Gentle readers will recall a certain faux populist, noted for his excellent hair and recently retired from the contest for the Democratic Party's presidential nomination, who tried to get the big prize by pitting American business interests against American workers. It worked so well for him that he lost every primary in which he ran, including his home state's.
Now the two remaining Democrat candidates, per the perceptive reporters at Murdoch's Crown Jewel, have adopted the soon-forgotten John Edwards's William-Jennings-Bryan-redux rhetoric. NAFTA is bad, trade is bad, corporations are bad, profits are bad. Workers are good, jobs are good, staying in the same assembly-line job all one's life is good.
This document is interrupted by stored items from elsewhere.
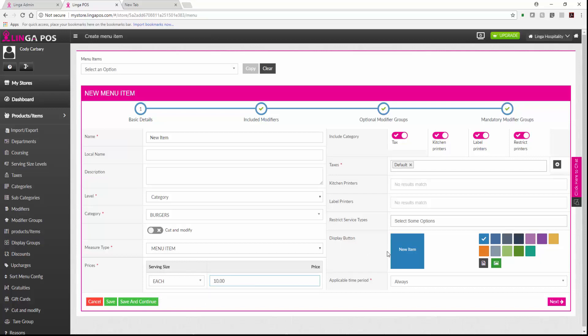You can customize the button by making it a different color, choosing an image off of your computer, or using a preloaded image.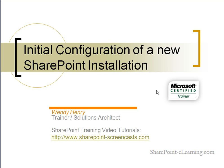In this video, we'll take a look at some of the initial configuration settings that need to be made on a new SharePoint installation.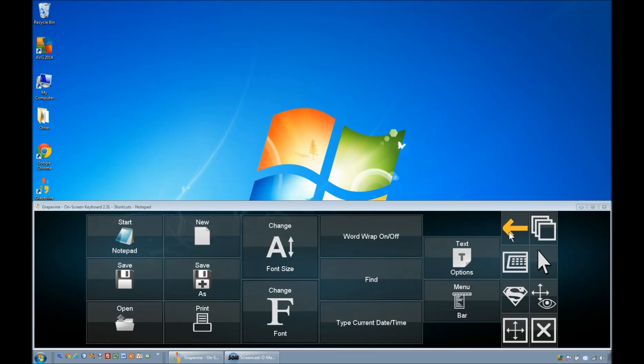Notepad is a very basic typing application that comes with Windows. This could be a good place to start for people who are unfamiliar with creating documents.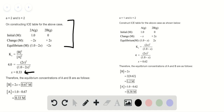Again, constructing an ICE table where A is equal to 1 and B equals 2, we can determine the equilibrium change in concentration of A and B respectively.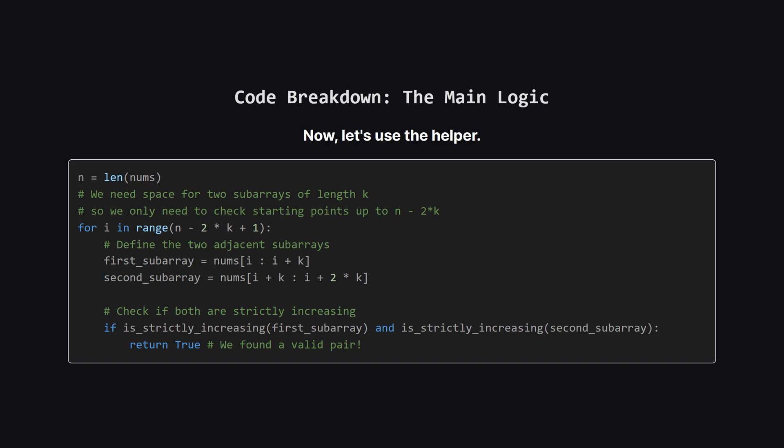Okay, here's the main part of our logic. First, we get the total length of our input list, let's call it n. Now we need to loop through all possible starting positions. Think about it, the latest our first subarray can start is at a position that still leaves room for the second one. The total length we need is 2 times K. So our loop for the starting index i only needs to go up to n minus 2 times K. Inside the loop, for each i, we slice out the first subarray and the second one right next to it. Then we just use our helper function. If the first subarray is increasing and the second one is also increasing, we've hit the jackpot. We can immediately return true.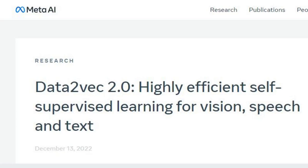Data2Vec 2.0: Highly efficient self-supervised learning for vision, speech, and text. Meta AI addressed one of the key limitations in self-supervised learning when they released Data2Vec, the first high-performance self-supervised algorithm to learn the same way for three different modalities: speech, vision, and text.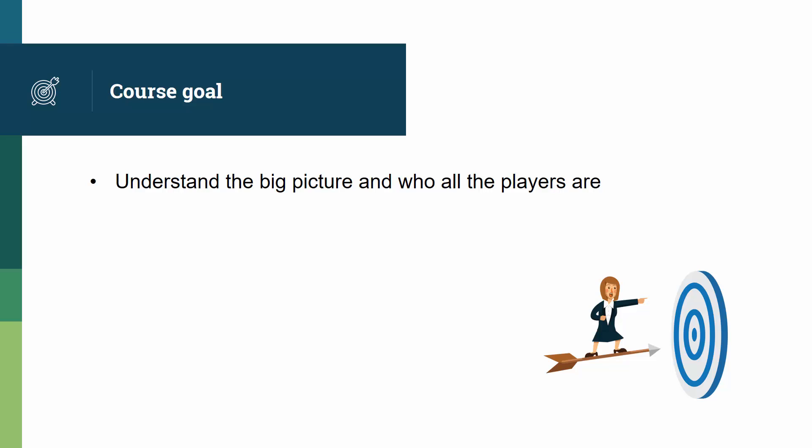What I'm looking for when students leave the course is that they have a good understanding of the big picture and who all the various players are. The big picture is important because most of the complexity of EMV comes from the fact that entities that do not trust one another have to interact.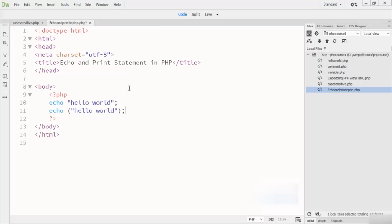Echo can pass multiple strings separated by a comma, and echo does not return any value. Remember that echo is faster than a print statement.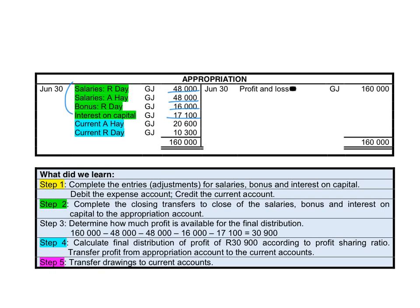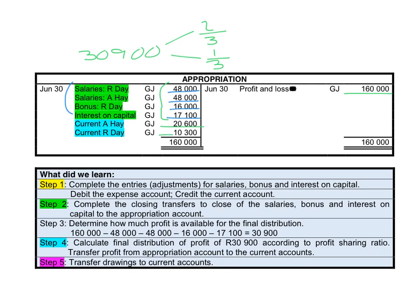Looking at the appropriation account, the profit made was $160,000 — the profit after all normal income and expenses were taken into account. The expenses paid to the partners do not go to the normal profit and loss; they are deducted in the appropriation account. Taking the $160,000 and deducting all these expenses gives a closing balance of $30,900. This $30,900 must be divided between the two partners: one partner gets two thirds and the other gets one third. That means Hay is entitled to $20,600 and Day is entitled to $10,300.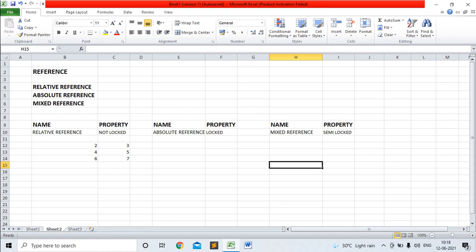Hi, my name is Ronjan Mojumdar. Today I am going to explain the reference. There are three types of reference in Excel: one is relative reference, two is absolute reference, and three is mixed reference.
We draw attention to the obvious, which is our spiritual gift:
- Stable manufacturing jobs depend on corporations that make a profit, as the recent history of the American automobile industry illustrates negatively.
- The candidates of "change" are this week running on rhetoric that eschews change in favor of somehow restoring the American economy that existed briefly between the end of World War II and the beginning of the microchip revolution.
- This political strategy failed Edwards but is for some mystical reason now embraced by his surviving former rivals who are locked in life-or-death struggle.
Pardon us if for genuine change we continue to look toward the GOP, whose sole surviving candidate is sensibly recommending that we reduce our highest-in-the-developed-world rate of corporate taxation as a means of becoming more competitive globally. That's true populism.